Unless there are objections I plan to apply this probably by the next
weekend, so that there is plenty of time for review and comment.

--
Alvaro Herrera                                http://www.CommandPrompt.com/
The PostgreSQL Company - Command Prompt, Inc.

Attachment

Re: [WIP] Add relminxid column to pg_class

From
Tom Lane
Date:
Alvaro Herrera <alvherre@commandprompt.com> writes:
> I just noticed a problem, which is why I labeled it a WIP: the current
> implementation turns pg_database.datminxid to InvalidTransactionId when
> the table that has the minimum relminxid is dropped.  The problem is
> that this could cause "vacuum starvation" if autovacuum is using
> datminxid to decide what database to vacuum, and the minimum Xid table
> is being dropped continuously.  I had refrained from calculating
> pg_database.datminxid each time said table is dropped, because doing it
> means scanning pg_class and locking pg_database -- I'm wary of deadlock
> problems.  Not sure what to do here.  (Maybe the answer is to do nothing
> -- this is a very low probability scenario anyway.  Opinions?)

I'd argue that you should do nothing, ie, dropping a table should never
affect datminxid.  The proper interpretation of the pg_database columns
is that we guarantee that all XID's in the database are *at least* thus-
and-so, not that the minimum is exact.

            regards, tom lane

Re: [WIP] Add relminxid column to pg_class

From
Alvaro Herrera
Date:
Tom Lane wrote:
> Alvaro Herrera <alvherre@commandprompt.com> writes:
> > I just noticed a problem, which is why I labeled it a WIP: the current
> > implementation turns pg_database.datminxid to InvalidTransactionId when
> > the table that has the minimum relminxid is dropped.
>
> I'd argue that you should do nothing, ie, dropping a table should never
> affect datminxid.  The proper interpretation of the pg_database columns
> is that we guarantee that all XID's in the database are *at least* thus-
> and-so, not that the minimum is exact.

Ah-ha, an easier approach.  This would mean either:

a) we need to seqscan pg_class each time to discover the minimum

b) we need a partial index on pg_class (relminxid) WHERE relkind = 'r'
to quickly discover the minimum
(Is the bootstrap mode able to create partial indexes?)

We need to do this after each vacuum.

We could arrange things so that autovacuum manages to do it only once
after processing a database instead of once per table, but this could be
fragile if the vacuuming dies partway through.

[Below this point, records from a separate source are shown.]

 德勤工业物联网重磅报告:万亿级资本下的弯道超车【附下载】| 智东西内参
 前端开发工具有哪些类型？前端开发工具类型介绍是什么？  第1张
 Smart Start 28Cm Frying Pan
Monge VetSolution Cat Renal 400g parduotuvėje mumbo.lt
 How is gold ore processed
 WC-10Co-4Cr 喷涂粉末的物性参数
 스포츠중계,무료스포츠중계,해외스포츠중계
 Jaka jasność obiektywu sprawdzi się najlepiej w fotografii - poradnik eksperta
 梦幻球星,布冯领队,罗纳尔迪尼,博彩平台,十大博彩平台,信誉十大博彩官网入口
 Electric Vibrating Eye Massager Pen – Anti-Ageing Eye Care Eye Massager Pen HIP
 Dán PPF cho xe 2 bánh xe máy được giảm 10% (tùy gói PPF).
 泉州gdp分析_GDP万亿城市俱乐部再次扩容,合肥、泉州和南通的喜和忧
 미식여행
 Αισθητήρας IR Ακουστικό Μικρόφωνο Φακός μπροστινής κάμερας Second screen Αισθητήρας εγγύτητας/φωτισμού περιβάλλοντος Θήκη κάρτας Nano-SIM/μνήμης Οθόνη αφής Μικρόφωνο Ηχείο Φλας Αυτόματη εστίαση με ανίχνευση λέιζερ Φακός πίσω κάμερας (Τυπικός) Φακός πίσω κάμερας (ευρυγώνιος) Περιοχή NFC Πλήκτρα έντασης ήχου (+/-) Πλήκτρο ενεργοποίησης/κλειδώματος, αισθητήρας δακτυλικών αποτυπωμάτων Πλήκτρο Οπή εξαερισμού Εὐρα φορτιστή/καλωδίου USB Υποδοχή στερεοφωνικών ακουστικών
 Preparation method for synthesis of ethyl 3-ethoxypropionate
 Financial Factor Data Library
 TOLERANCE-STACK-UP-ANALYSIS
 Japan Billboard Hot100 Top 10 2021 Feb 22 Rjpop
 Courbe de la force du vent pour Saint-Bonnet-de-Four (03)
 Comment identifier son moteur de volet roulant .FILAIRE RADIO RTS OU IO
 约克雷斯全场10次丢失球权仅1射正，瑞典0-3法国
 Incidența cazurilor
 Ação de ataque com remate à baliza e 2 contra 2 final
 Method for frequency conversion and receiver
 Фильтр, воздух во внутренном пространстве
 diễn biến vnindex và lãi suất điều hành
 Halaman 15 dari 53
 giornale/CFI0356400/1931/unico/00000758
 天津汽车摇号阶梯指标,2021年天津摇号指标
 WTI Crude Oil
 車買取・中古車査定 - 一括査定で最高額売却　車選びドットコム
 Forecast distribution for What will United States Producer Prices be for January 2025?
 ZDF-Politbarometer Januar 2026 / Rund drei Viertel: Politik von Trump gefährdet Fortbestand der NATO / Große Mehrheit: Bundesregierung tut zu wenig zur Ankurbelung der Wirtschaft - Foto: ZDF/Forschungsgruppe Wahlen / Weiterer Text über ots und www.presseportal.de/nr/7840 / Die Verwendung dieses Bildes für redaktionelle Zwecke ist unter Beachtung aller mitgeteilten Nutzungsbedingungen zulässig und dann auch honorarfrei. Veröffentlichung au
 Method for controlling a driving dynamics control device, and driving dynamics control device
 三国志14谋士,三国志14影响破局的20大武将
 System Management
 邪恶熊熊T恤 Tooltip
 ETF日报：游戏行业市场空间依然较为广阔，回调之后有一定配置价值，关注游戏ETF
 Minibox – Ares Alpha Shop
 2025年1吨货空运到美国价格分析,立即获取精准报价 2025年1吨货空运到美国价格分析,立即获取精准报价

This reminds me of an unrelated problem.  On pgsql-bugs or
pgsql-es-ayuda there was a report recently that autovacuum was dying
because of corrupt data on a database.  The problem was that this
prevented vacuuming of all other databases as well, because on the next
autovacuum iteration the same database would be chosen and the same
error would ensue.  Probably we should do something about this, so that
autovac is allowed to process other databases before failing again on
the offending database.

--
Alvaro Herrera                                http://www.CommandPrompt.com/
The PostgreSQL Company - Command Prompt, Inc.

Re: [WIP] Add relminxid column to pg_class

From
Tom Lane
Date:
Alvaro Herrera <alvherre@commandprompt.com> writes:
> Tom Lane wrote:
>> The proper interpretation of the pg_database columns
>> is that we guarantee that all XID's in the database are *at least* thus-
>> and-so, not that the minimum is exact.

> Ah-ha, an easier approach.  This would mean either:
> a) we need to seqscan pg_class each time to discover the minimum

We'd have to do that during each VACUUM to see if we could change the
pg_database entry, I think.

> b) we need a partial index on pg_class (relminxid) WHERE relkind = 'r'
> to quickly discover the minimum
> (Is the bootstrap mode able to create partial indexes?)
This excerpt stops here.